─── Data excerpt

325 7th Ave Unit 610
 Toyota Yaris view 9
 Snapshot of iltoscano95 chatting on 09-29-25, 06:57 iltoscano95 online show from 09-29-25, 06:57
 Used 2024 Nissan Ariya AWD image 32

──────

▶ **Try it**: Type out exactly the span of lines from the one with "Toyota Yaris view 9" to the end of the material above, counting both end lines, and nothing else.

▶ **Written answer**:
 Toyota Yaris view 9
 Snapshot of iltoscano95 chatting on 09-29-25, 06:57 iltoscano95 online show from 09-29-25, 06:57
 Used 2024 Nissan Ariya AWD image 32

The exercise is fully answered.